* **DESCRIPTION OF THE TASK**: Leave out the pictures, and quote exactly the lines running from the one with "giá heo hơi" through the last line of the entries below.

* **THE RECORDS**:
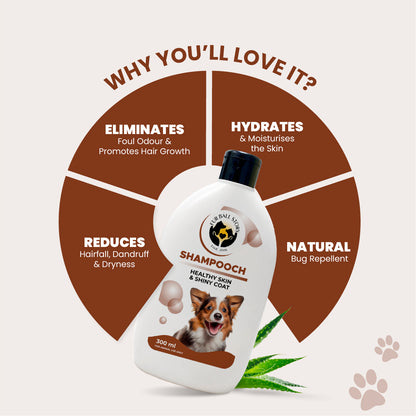 A circular infographic highlighting Shampooch benefits: eliminates foul odor, hydrates skin, reduces hairfall, and acts as a natural bug repellent.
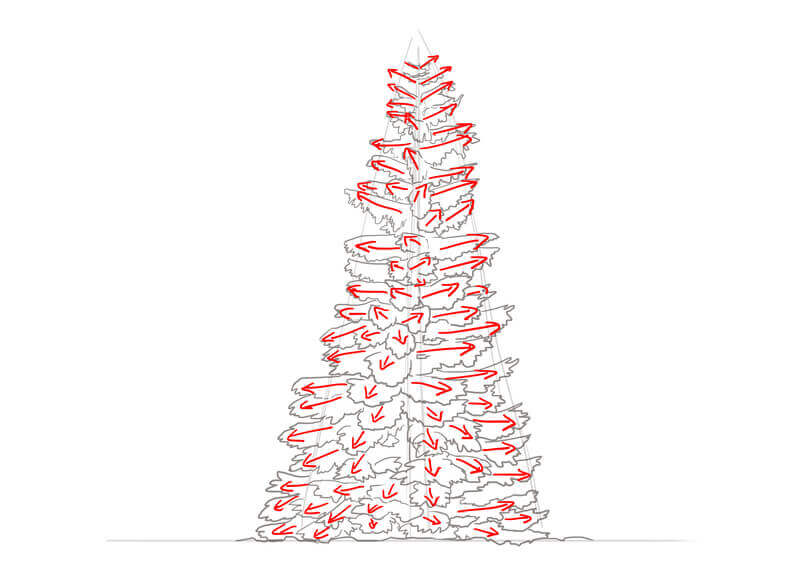 Structure des branches du sapin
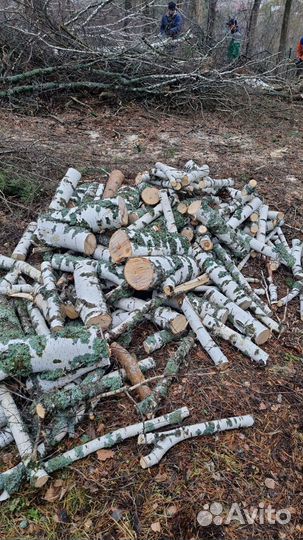 Вывоз строительного мусора,переезд город,межгород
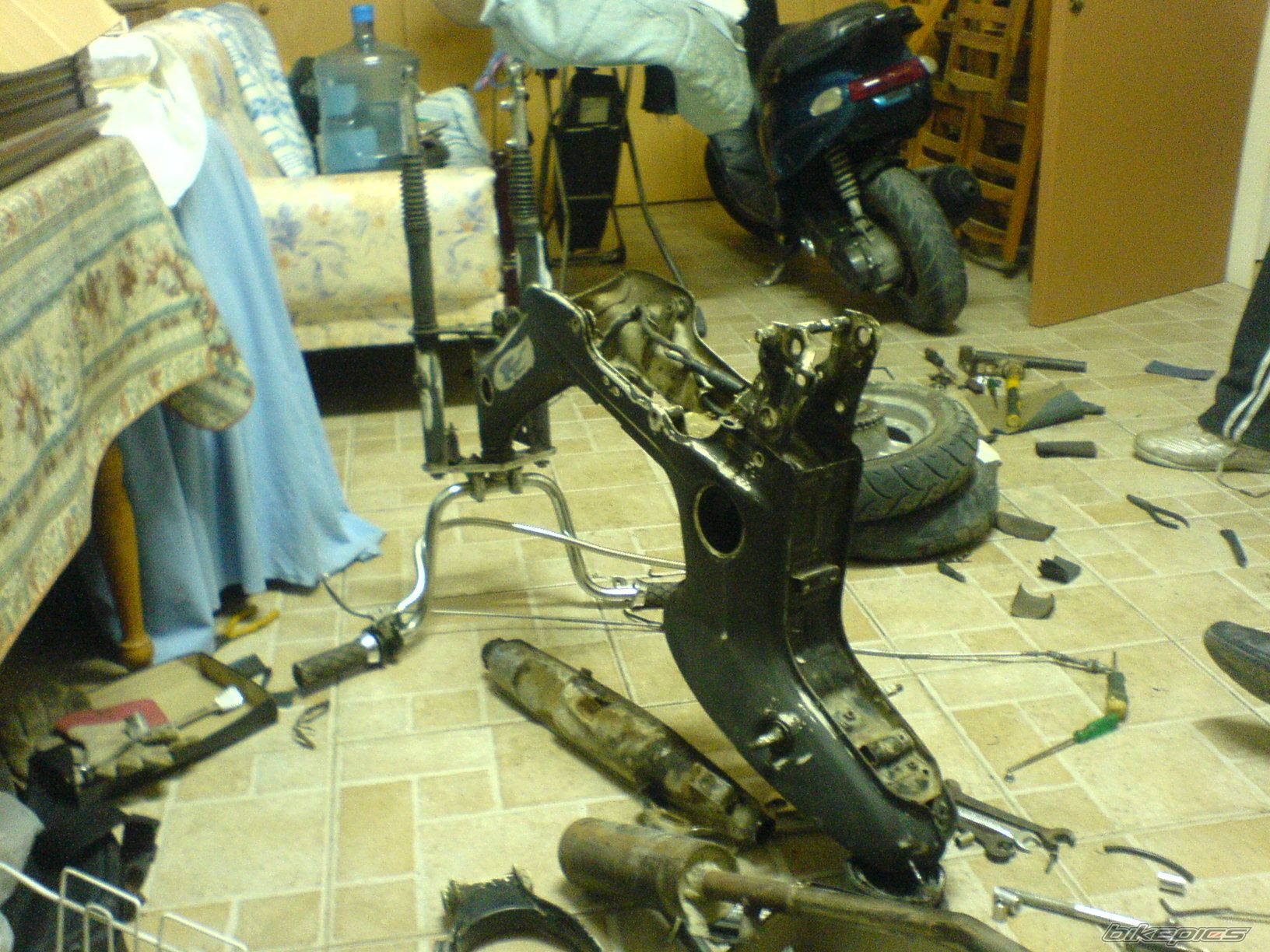Photo 1140493
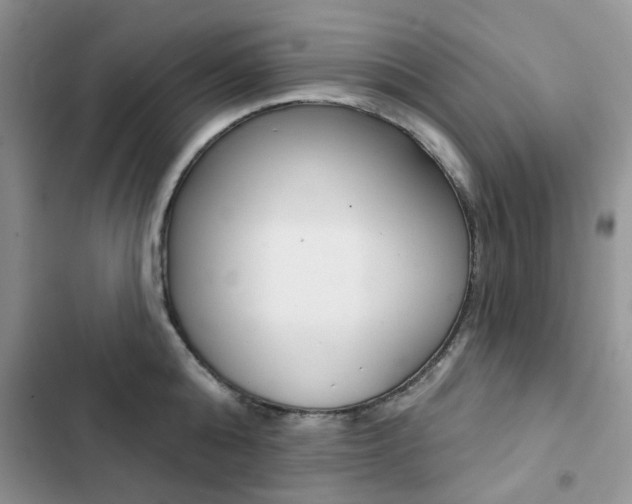 X0000102830808200808181047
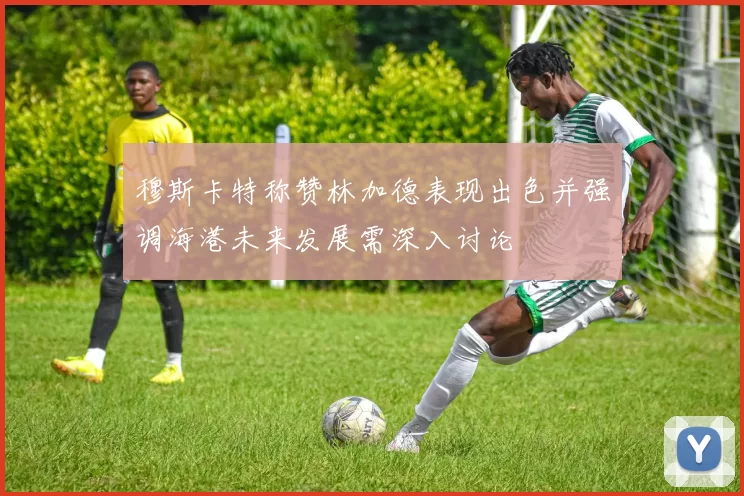 穆斯卡特称赞林加德表现出色并强调海港未来发展需深入讨论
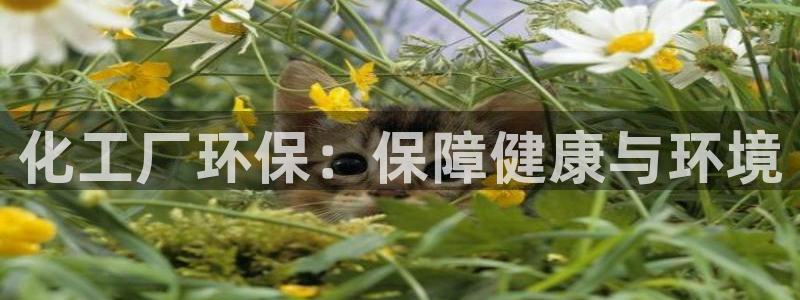 亿万先生客户端官网登录不上：化工厂环保：保障健康与环境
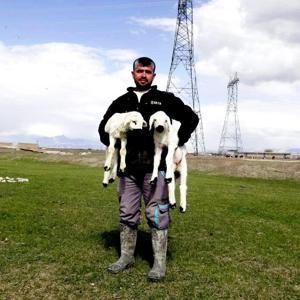 Kayseri’de 200 kuzu anneleri ile buluştu; o anlar dron kamerasında / Ek fotoğraflar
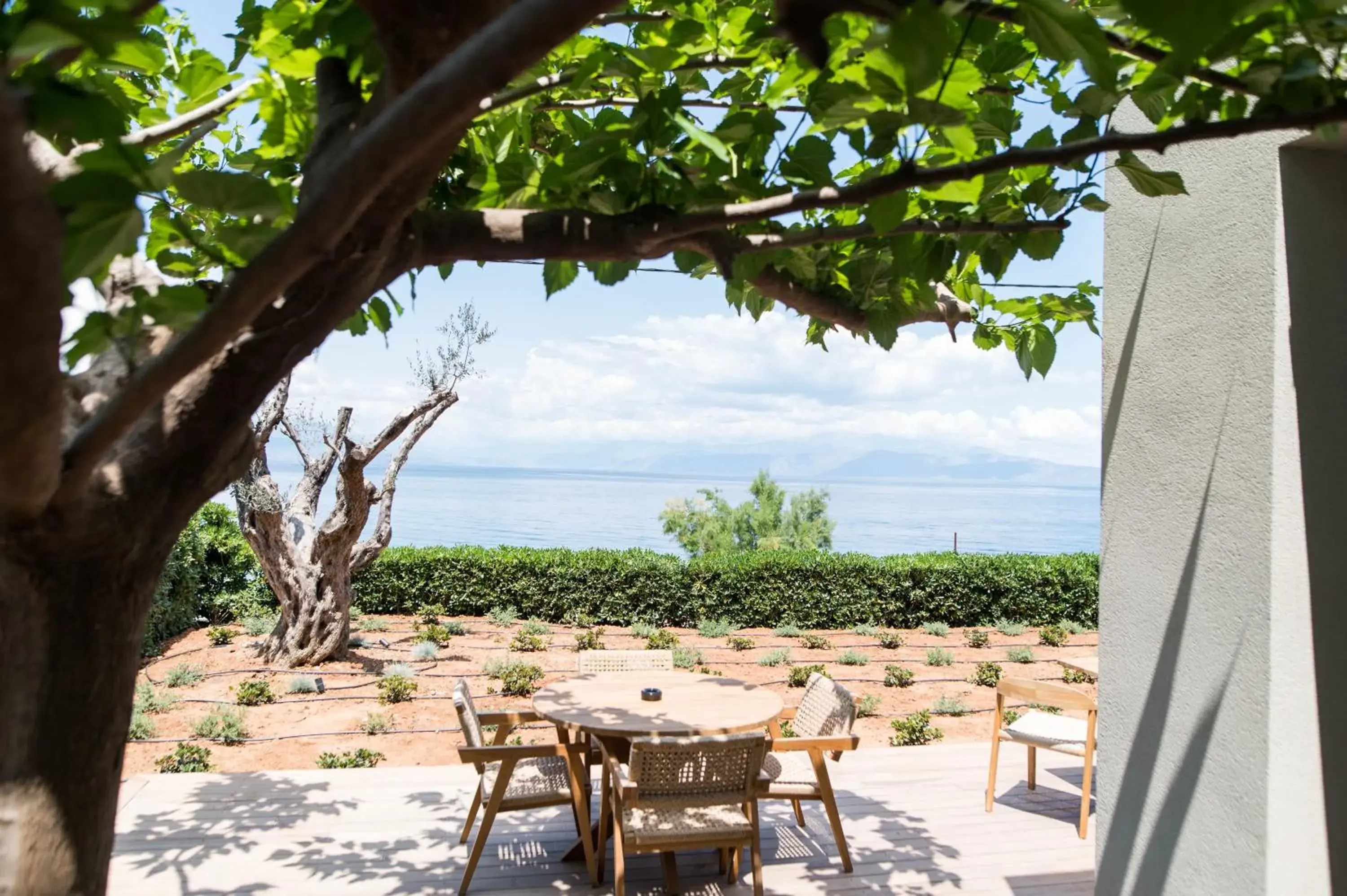 Restaurant/places to eat in Alissachni SeaSide Hotel Restaurant/places to eat in Alissachni SeaSide Hotel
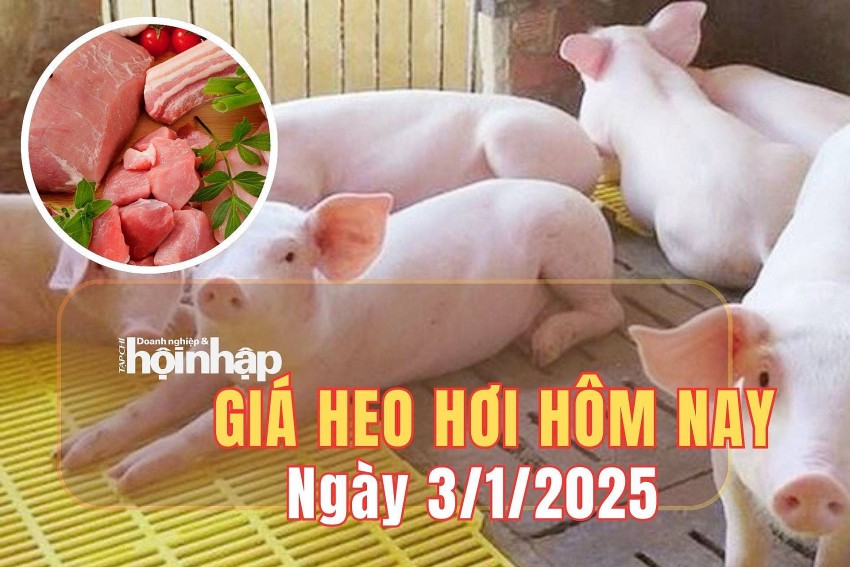 giá heo hơi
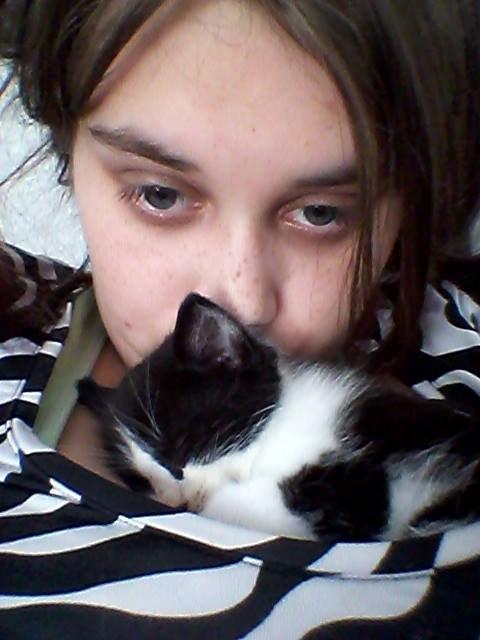 Blanding af racer Teemo billede 3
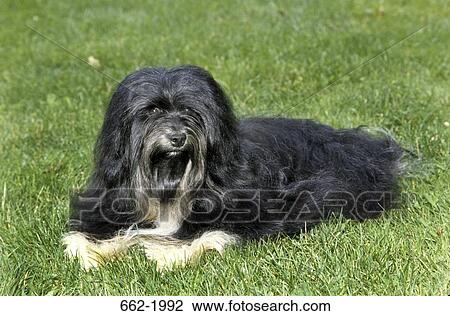 Terrier sitting in a field View Large Photo Image Stock Image - Terrier sitting in a field. Fotosearch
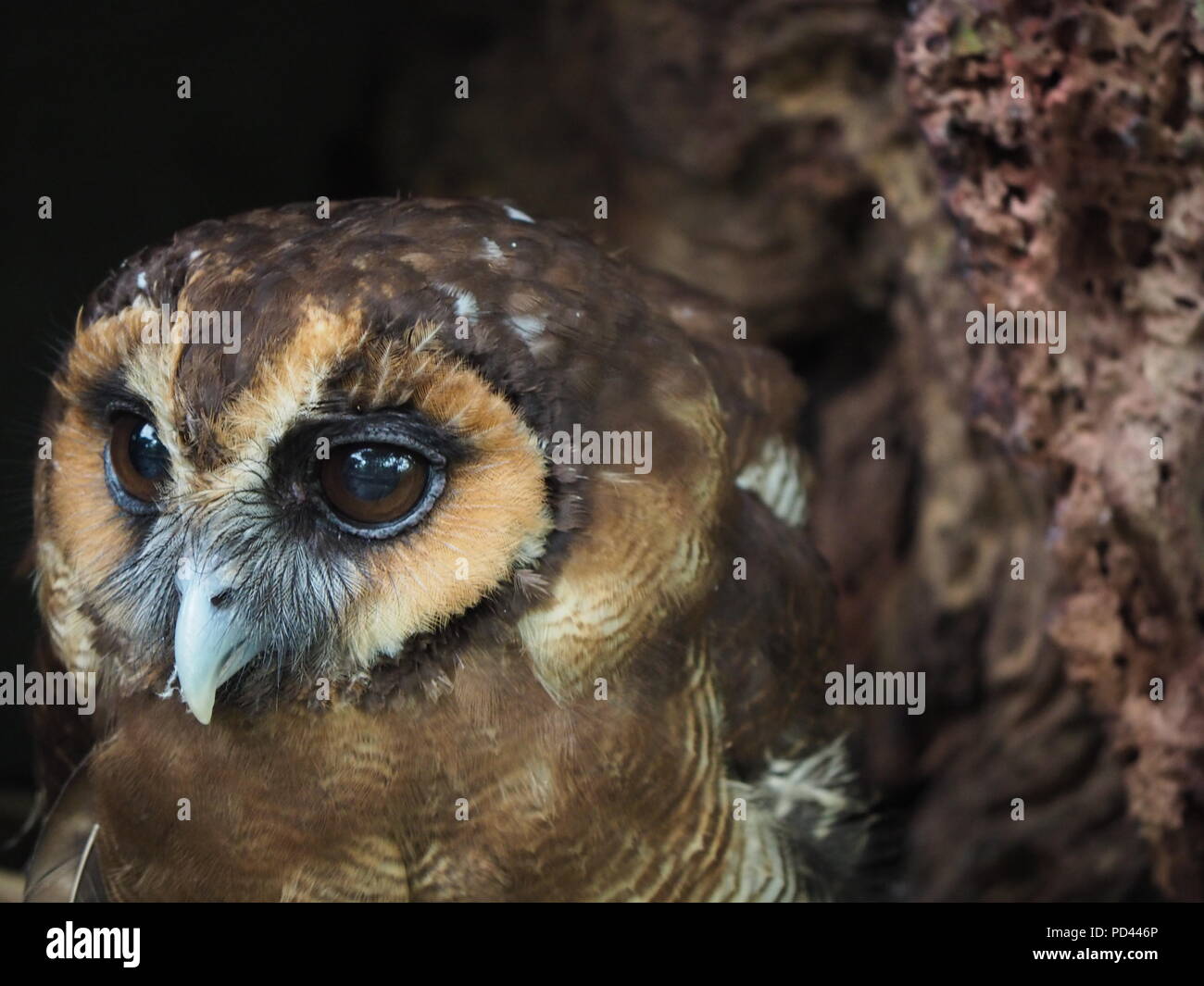 Braunes Holz Eule Portrait Stockfoto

* **TASK ANSWER**:
 giá heo hơi
 Blanding af racer Teemo billede 3
 Terrier sitting in a field View Large Photo Image Stock Image - Terrier sitting in a field. Fotosearch
 Braunes Holz Eule Portrait Stockfoto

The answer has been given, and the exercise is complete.